▶ _INSTRUCTIONS FOR THE TASK_
The pictures are to be left out, and all remaining data is to be transcribed exactly as it appears.

▶ _DATA BLOCK_
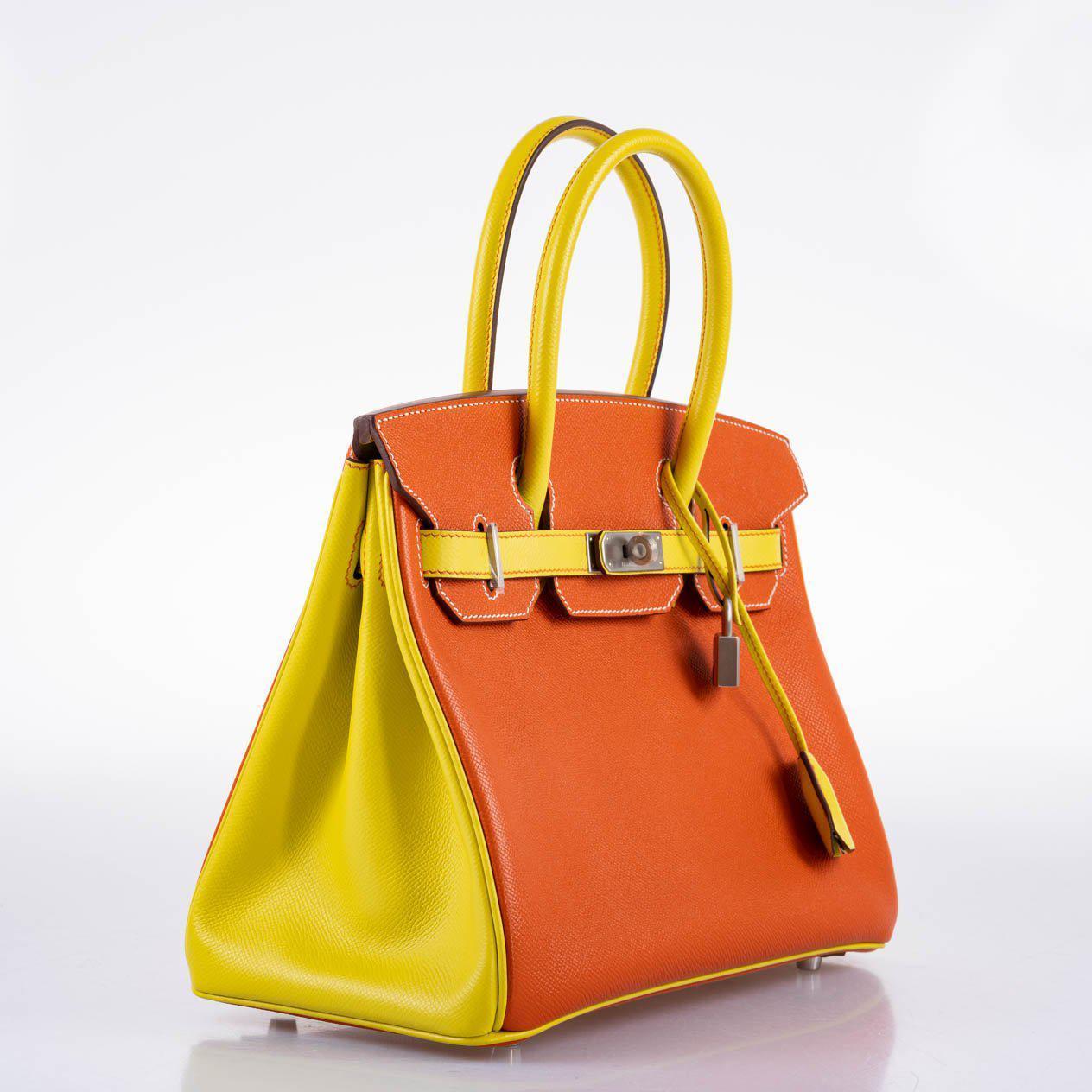 Hermes HSS Birkin 30 Feu & Lime Epsom with Brushed Palladium Hardware - 2013, Q Square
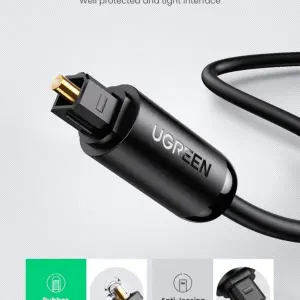 UGREEN Toslink ضوئي كابل صوت 2m (أسود)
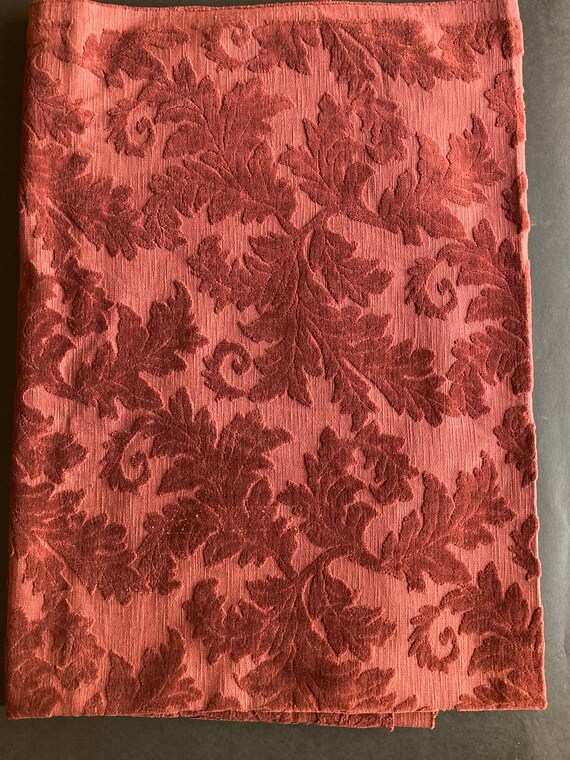 Cut Velvet Leaf Pattern Fabric Etsy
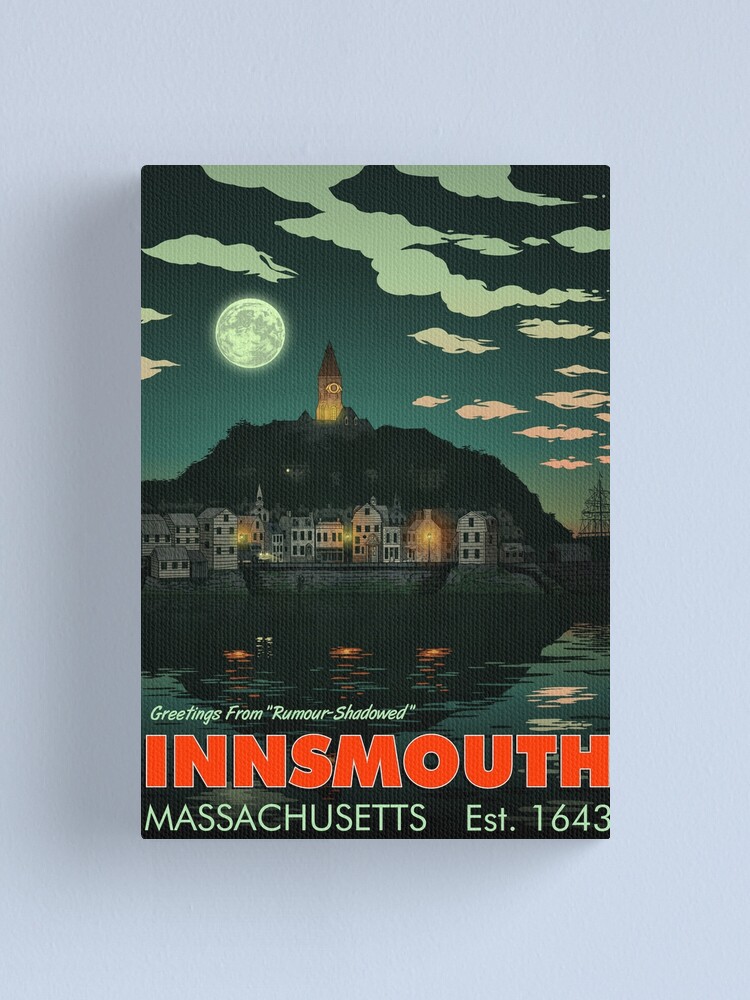 Alternate view of Greetings from Innsmouth, Mass Canvas Print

▶ _RESULT_
 Hermes HSS Birkin 30 Feu & Lime Epsom with Brushed Palladium Hardware - 2013, Q Square
 UGREEN Toslink ضوئي كابل صوت 2m (أسود)
 Cut Velvet Leaf Pattern Fabric Etsy
 Alternate view of Greetings from Innsmouth, Mass Canvas Print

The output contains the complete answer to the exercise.